Украинские вояки не сразу прибежали к этой машине, в страхе, что, мол, что это такое — флаг на них едет вражеский… И пока они дошли до этой машины, у него было время зарыться в кучу мусора. И слава Богу, солнце уже заходило за горизонт, уже темновато было. Они, подойдя уже к машине, увидели кровь в сторону и решили утром прийти посмотреть, потому что в темноте, может, он их постреляет, может, засада или еще что-то…
Ушли. До утра это дело оставили. А он выкарабкался из этой кучи мусора, полз, полз, полз, посадка там... Заполз на какое-то поле и там вырубился, уснул. Проснулся уже утром. Светло. Может, день, может, утро. Слышит — голоса. На мове украинской. Прижался, осмотрелся. А голоса рядом кружатся и никак не приближаются. Он на поле оказался, то ли кукурузном, то ли подсолнечном. Подорванные там были, и мины были. Это его спасло, украинские военные не решились подойти к нему, так, постреляли немножко по этому полю. Короче, голоса стихли, и он потихонечку дождался вечера. Смог выползти из этого поля. Полз он так четыре дня. Спиной вперед, подвязал какую-то палку на ногу. Полз 4 дня вдоль дороги назад. 100, 200, 300 метров. И когда уже почувствовал, что силы его оставляют, потому что за 4 дня он практически не ел и не пил, и решил уже выползти на дорогу, уже будь, что будет, короче. Выполз на дорогу, и потерял сознание. И его подобрали, в госпиталь отправили. И вот он рассказал эту историю мне. Мересьев современный.
- Бывали ли у Вас случаи, когда ощущалось присутствие Бога на войне, Его помощь? Есть такое выражение: не бывает атеистов в окопах под огнем…
- Будучи на войне, я наблюдал разные случаи. 50 на 50. Разные ребята на войне были, и верующие и неверующие, язычники, крещеные, некрещеные — все достаточно хорошо себя показали, в основной массе, 99,9 %, независимо от вероисповедания.

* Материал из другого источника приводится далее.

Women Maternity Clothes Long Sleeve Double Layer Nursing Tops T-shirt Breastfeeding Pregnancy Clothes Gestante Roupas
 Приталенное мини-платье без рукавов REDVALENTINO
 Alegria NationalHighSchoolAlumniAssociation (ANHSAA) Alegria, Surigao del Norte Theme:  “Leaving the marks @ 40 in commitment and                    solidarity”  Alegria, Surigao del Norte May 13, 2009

Это для меня тоже оказалось удивительным. Казалось бы, верующий человек более готов к таким ситуациям, как война. К сожалению, у нас был такой человек, глубоко верующий, православный, воцерковленный. Предыстория: под конец Семеновской и Славянской эпопеи мое подразделение, оно состояло в основном из людей, которые не смогли прижиться в других коллективах (не слушались, не подчинялись, не могли понять, чего от них хотят). Их приводили ко мне, и говорили: вот, «Кедр», забери их, не знаю, что с ним делать… Вот ко мне таких приводили в основном и у меня как-то получалось с ними находить общий язык, и они достаточно нормально служили, или хорошо, или нормально. И вот ко мне под конец, когда уже стало сложно оборонять Семеновку и мы уже понимали, что российской армии не будет, командир 1-й роты привел ополченца: «Кедр», он мне что-то говорит, а я не понимаю, что это, о чем он. Вроде, по-русски, а что, непонятно». Ну, ладно, говорю, давай, рассказывай, что. И он мне рассказывает, что ему нужно уехать домой. А тогда, в тот момент, из ополчения нельзя было так просто уехать. Можно было прийти просто так на войну, а уйти просто так с войны нельзя было уже. Только через штрафбат. А мы уже накануне выхода из Славянска. И я у него спрашиваю, что случилось. И он мне говорит, что он православный, верующий человек, он помогал какому-то архиерею в Донецке, то ли пономарь, то ли служил, — и вот он благословения не брал для войны, поддался веянием народным, а когда тут оказался, он понял, что ему нужно благословение, и бросить войну, потому что для него это дело не благодатное. И вот командир «Малой» не понял, о чем речь идет.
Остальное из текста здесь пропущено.